B. Application of Proxy Access Requirements to Public Operating Companies

In contrast to the lack of analysis with respect to investment companies, there has been considerable public debate over the application of proxy access requirements to public operating companies. ICI has been an active participant in this debate.9 The topic has been a polarizing one. In contrast to others who may fall clearly on one side of the debate or the other, ICI members have one foot in each camp. As noted above, funds are significant shareholders of public companies. They also are public companies with their own shareholders and boards of directors. As a result, they fully appreciate the importance of effective corporate governance and also are cognizant of the need to avoid undue interference with a company’s directors and officers who are responsible for its management.

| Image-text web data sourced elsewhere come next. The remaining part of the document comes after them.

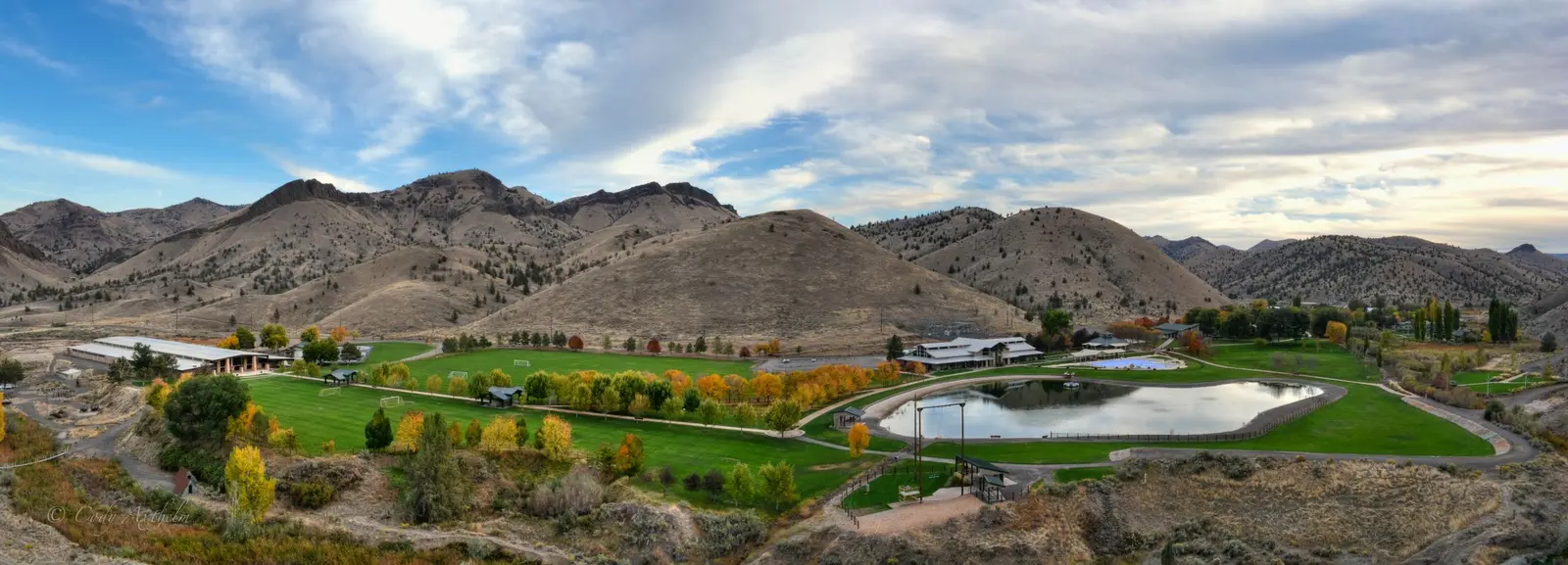 A wide-angle panoramic view shows a green landscape with buildings, a small lake, and hills in the background.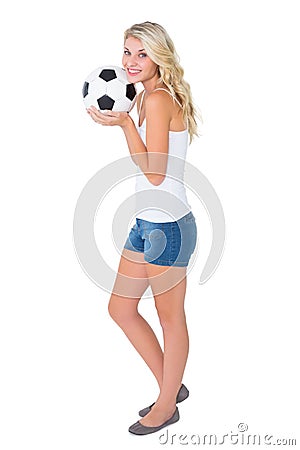 Pretty blonde football fan holding ball Stock Photo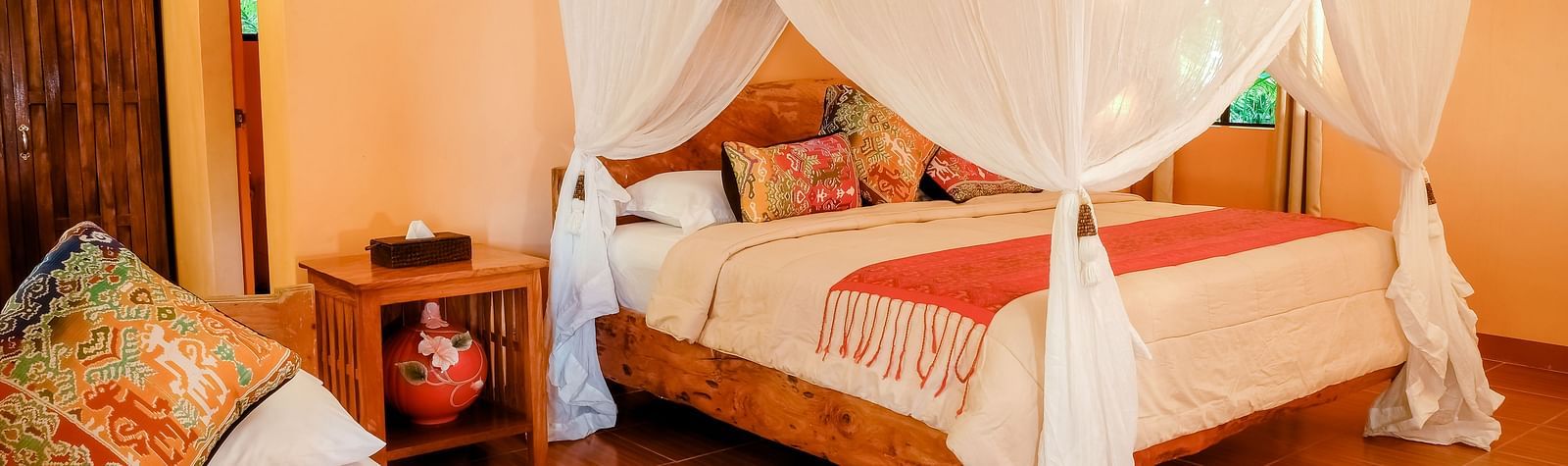 Room at Flower Island Resort with a canopy bed, pillows, wooden nightstand, and soft lighting.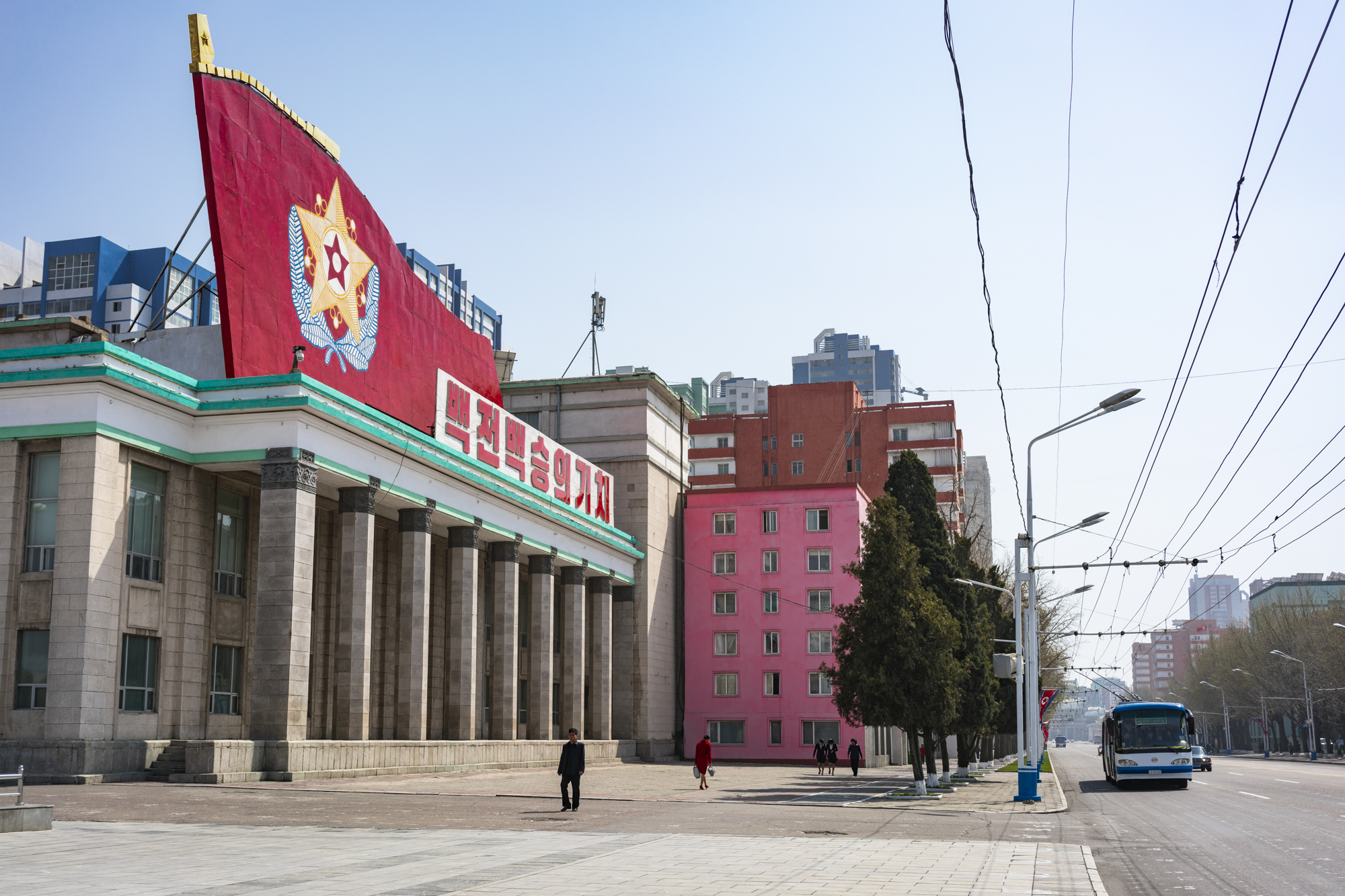 Building topped by revolutionary decoration, across from Kim Il Sung Square.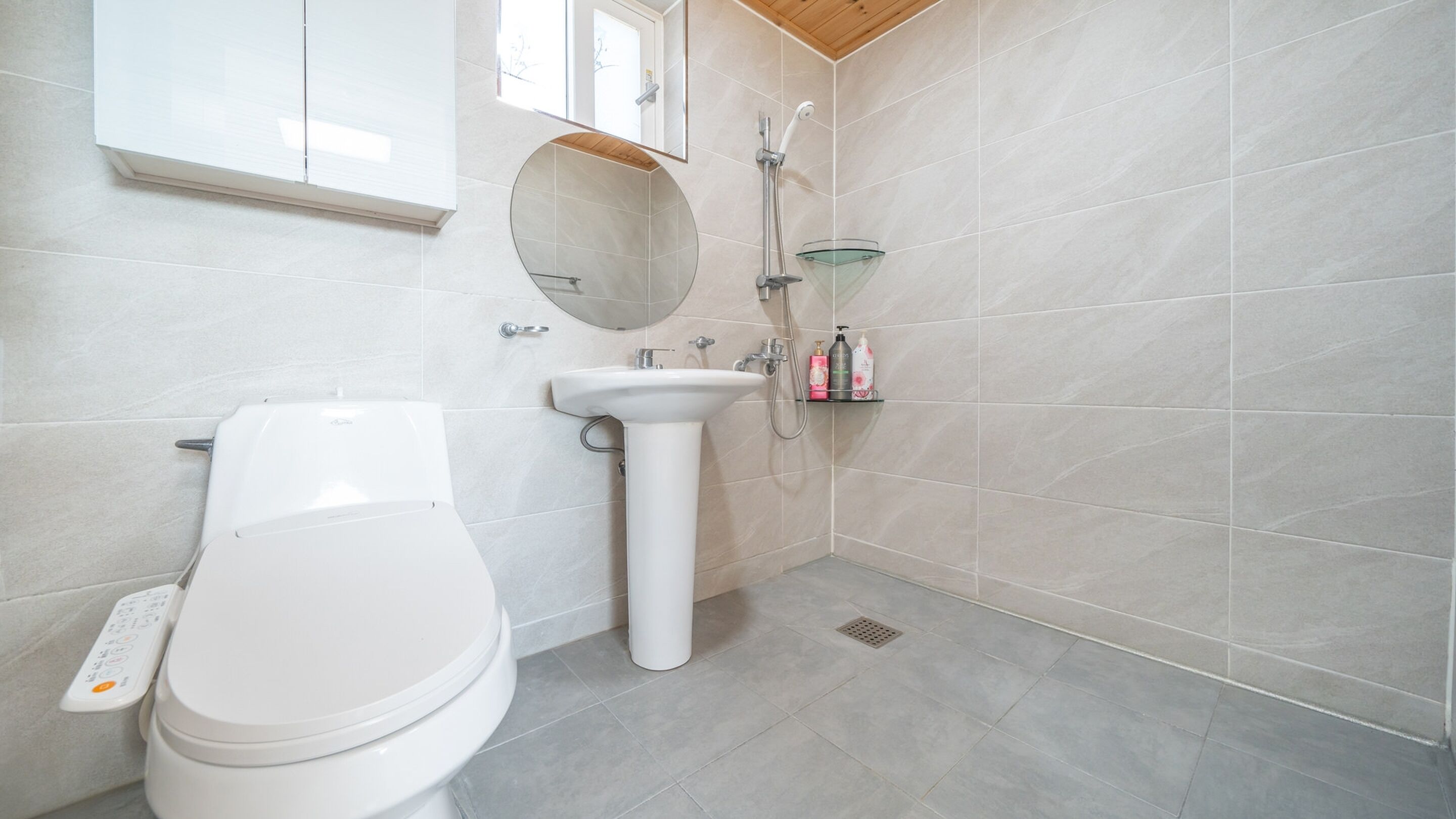 A modern bathroom with a toilet, sink, and shower.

ICI believes there is a need to carefully balance these interests when addressing shareholder access to company proxy materials in the public operating company context.

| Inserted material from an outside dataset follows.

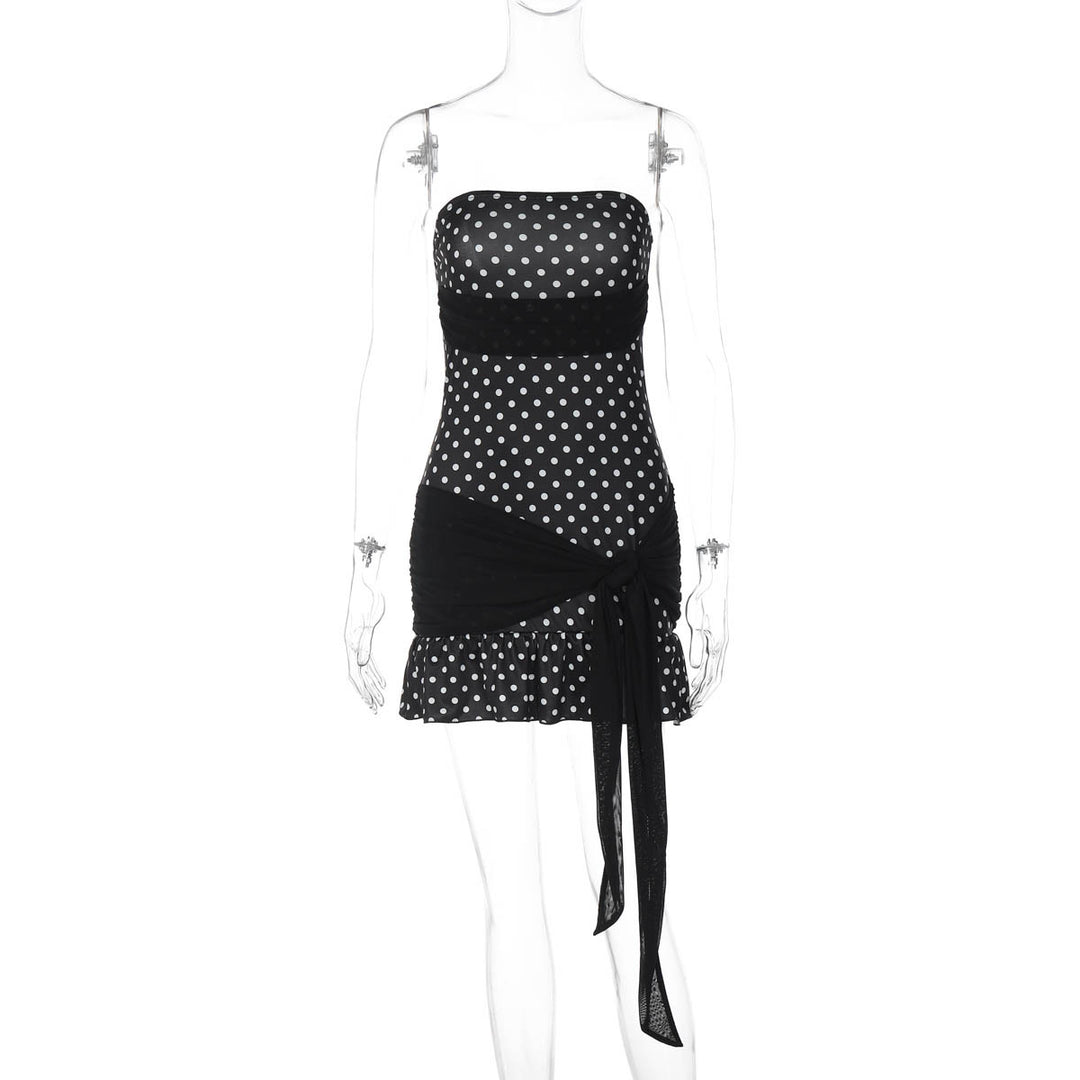 Damens figurnära polka prick klänning med lekfull design i wrap Mirla-Eva Jonsson
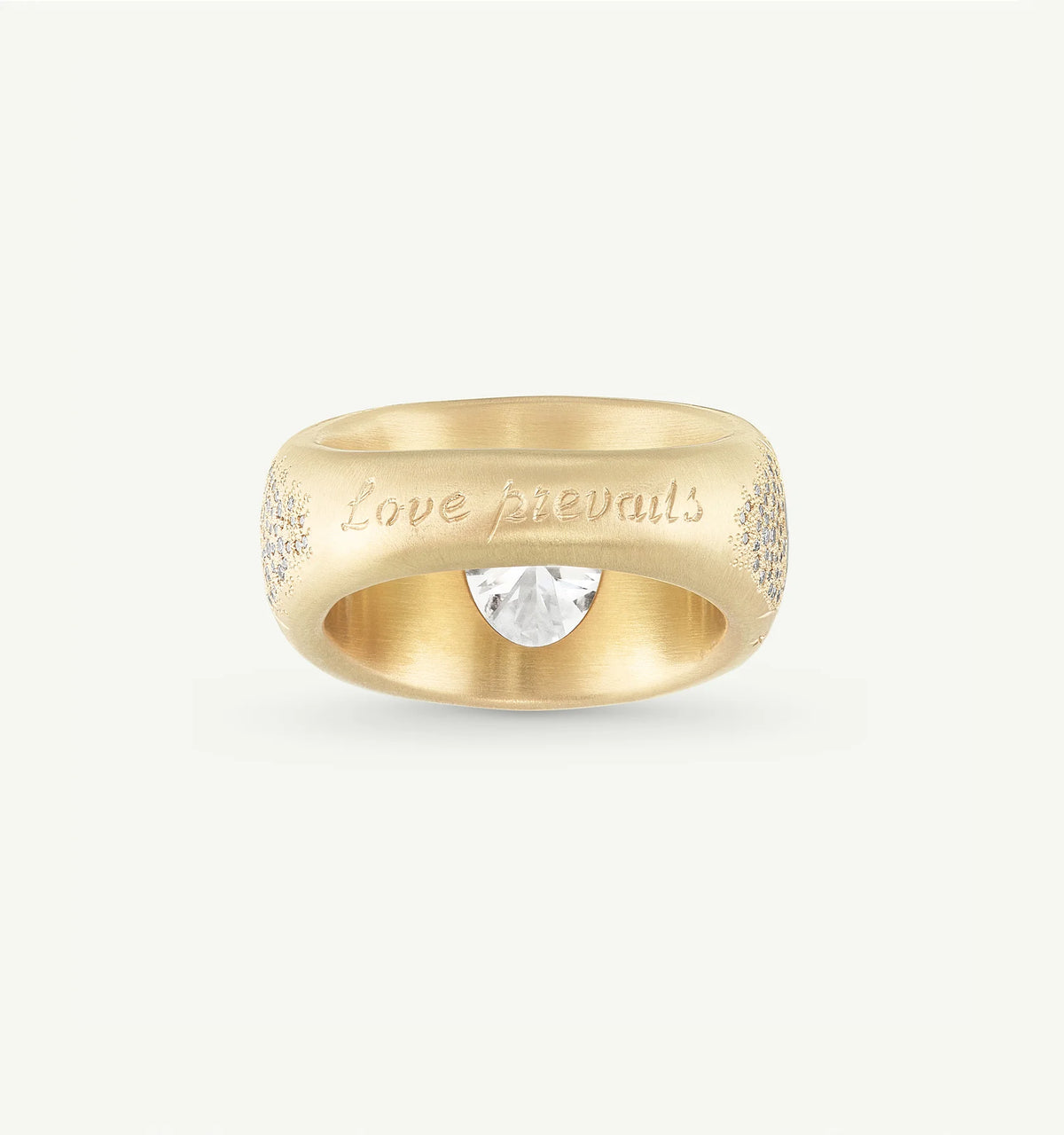 Gold ring featuring an engraved "Love prevails" inscription and a central diamond.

When we testified before the full Committee on Financial Services in 2007, we provided our views on then-pending SEC proposed rule amendments that would have permitted shareholders to include in company proxy materials their proposals for bylaw amendments regarding the procedures for nominating directors.10 We stated then, and continue to believe now, that the interests of investors will be served by allowing shareholders, under certain circumstances, to have their proposals for bylaw amendments concerning procedures for nominating directors included in a company’s proxy statement. Permitting companies and their shareholders to work together to tailor companies’ governing documents to suit the specific interests of the company and its shareholders has the benefit of accommodating recent state law developments,11 and allowing firms to craft their own proxy access regime. It also would relieve the federal government of having to draw arbitrary lines to establish eligibility requirements.

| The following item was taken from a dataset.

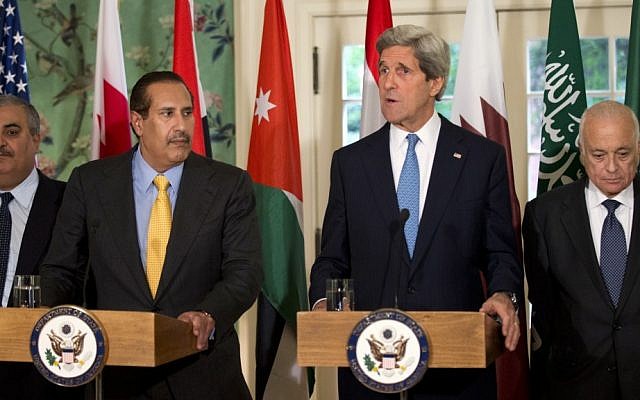 US Secretary of State John Kerry, second from right, with the Arab League lead by Qatar's Prime Minister and Foreign Minister Hamad bin Jassim bin Jabr Al-Thani, second from left, and Arab League Secretary-General Nabil Elaraby speaks to the media following their meeting at Blair House in Washington, Monday, April 29 (photo credit: AP/Manuel Balce Ceneta)
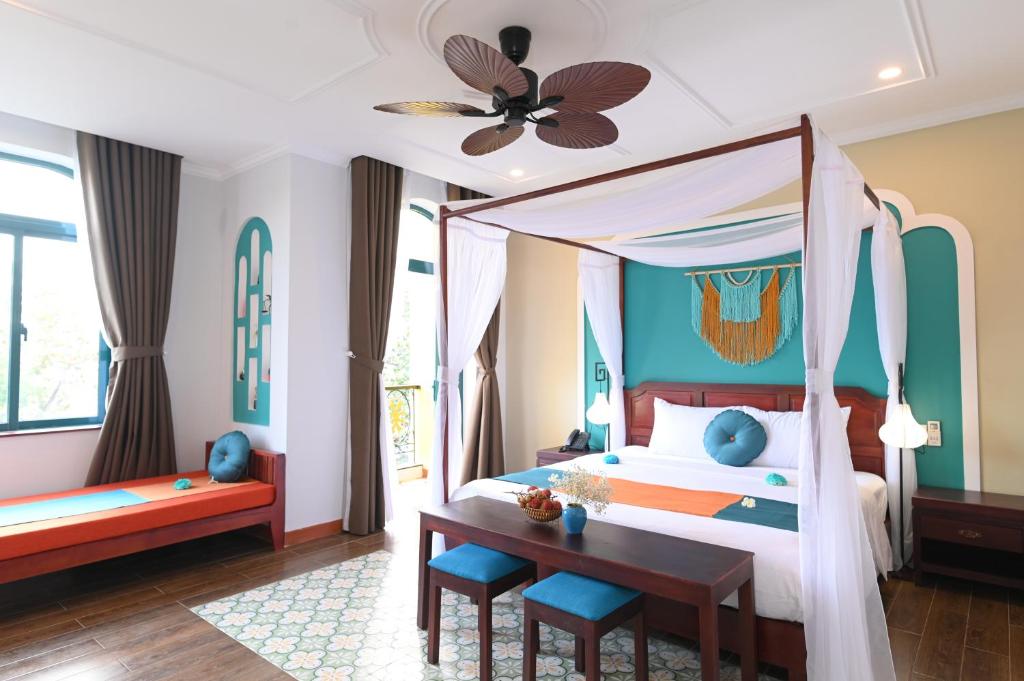 a bedroom with a canopy bed and a desk at De'Colore Villa Hoi An in Hoi An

We oppose at this time, however, the creation of a federally mandated requirement that would force all public companies, at their expense, to allow shareholders to nominate directors on a company’s proxy statement, as would be provided by H.R. 2861. We would not object to Congress confirming the SEC’s authority to adopt rules requiring proxy access (as the current versions of financial services reform legislation pending in the House and Senate would do). We believe that the SEC should be given the latitude to determine the exact contours of rules regarding whether, how, and in what circumstances shareholders will be permitted to nominate directors.12 The SEC staff has been diligently analyzing hundreds of comment letters and meeting with interested persons in an effort to develop final rules that balance the twin goals of protecting investors and not placing undue costs on the companies to which the rules will apply.13 Investors would be best served if Congress permits the SEC to complete its deliberative process, even if the ultimate result does not correspond exactly to Section 2 of H.R. 2861.

For example, the SEC’s recent proposal would establish the criteria a shareholder would have to meet to nominate directors on a company’s proxy statement.14 H.R. 2861 would establish different criteria for the same purpose. In addition, H.R. 2861 and the SEC proposal place different limits on the number of permissible shareholder nominees.15 Comment letters on the SEC’s proposal expressed a variety of views on these (and many other) issues. Directing a specific outcome, as H.R. 2861 does, runs a significant risk of losing benefits that can be achieved through a studied evaluation of a robust public dialogue and eliminating important flexibility for the SEC to tailor requirements as may be warranted in different circumstances.

III. Elimination of Broker Voting on Uncontested Elections of Investment Company Directors

Section 2 of H.R. 2861 directs the SEC to prohibit, by rule, the practice of brokers voting securities they hold on behalf of customers in uncontested director elections, in the absence of voting instructions from the customer. This practice is commonly referred to as “discretionary broker voting.” Section 2 would apply to director elections held by all issuers, which would include investment companies.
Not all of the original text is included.